Modi’s relationship with the United States is surprisingly ambiguous. He was denied a U.S. visa in 2005 over his alleged role in the 2002 riots – a decision that the United States has refused to reverse. However, U.S. scholars express optimism about continued strategic convergence between India and the United States should Modi become Prime Minster. The Carnegie Endowment’s Ashley Tellis postulates that relations would “deepen” as a result of Modi’s election. Modi is widely expected to further liberalize India’s economy, something that U.S. investors and firms would deeply appreciate.
If you’ve read this far, you might think that Modi is a difficult foreign policy thinker to pin down. Does his vacillation indicate that he thinks about India’s foreign policy options in shades of grey rather than black and white? Perhaps. Or perhaps not. Modi is, after all, a politician in pursuit of India’s grand political prize – the position of prime minister.
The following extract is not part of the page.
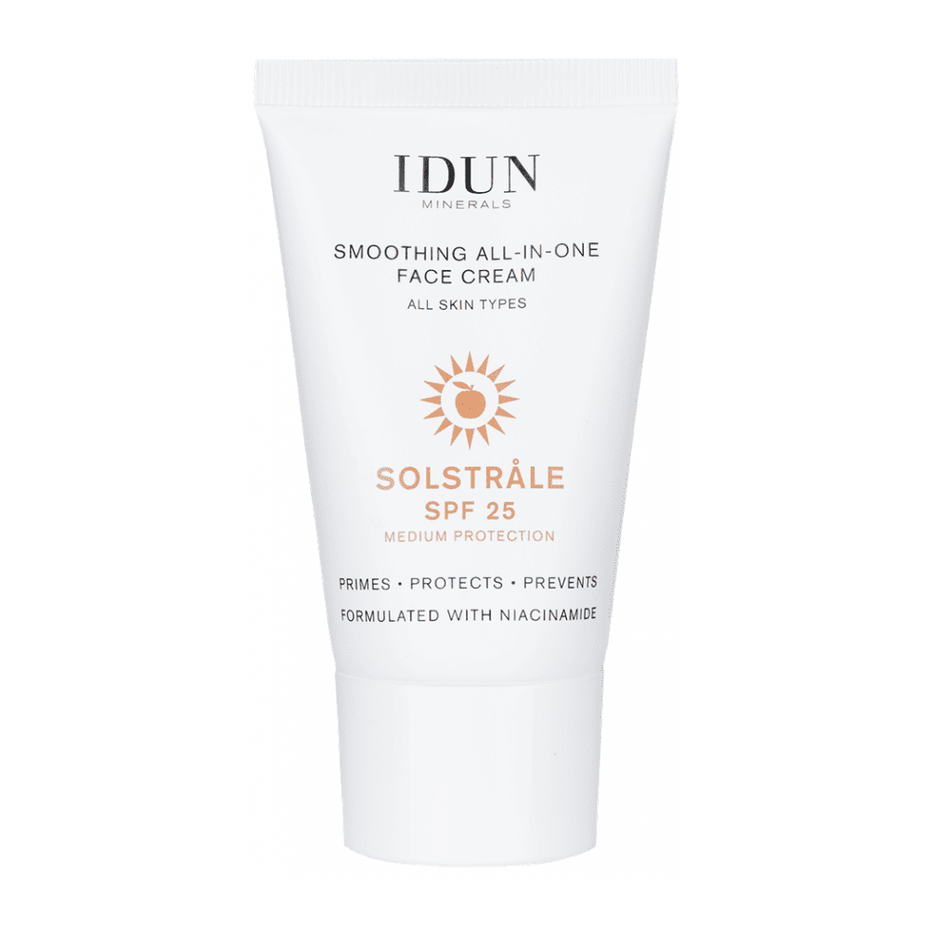 IDUN Minerals glotinamasis apsauginis veido kremas ALL IN ONE su niacinamidu, visų tipų odai, SPF 25, 30 ml (makiažo bazė)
His expressions of support for everything from a soft-power-based pursuit of strategic interests to a truly outside-of-the-box state-based foreign policy federalism shouldn’t be taken to heart. Ultimately, if Modi were to become prime minister, India can expect to see a pragmatic approach to foreign policy predicated on improving foreign trade and greater investment inflows. There is little reason to believe that his core claim – replicating the Gujarat miracle on a national scale – isn’t going to be the foundation of his foreign policy. On matters of shanti and shakti, however, Modi is far more of a wildcard.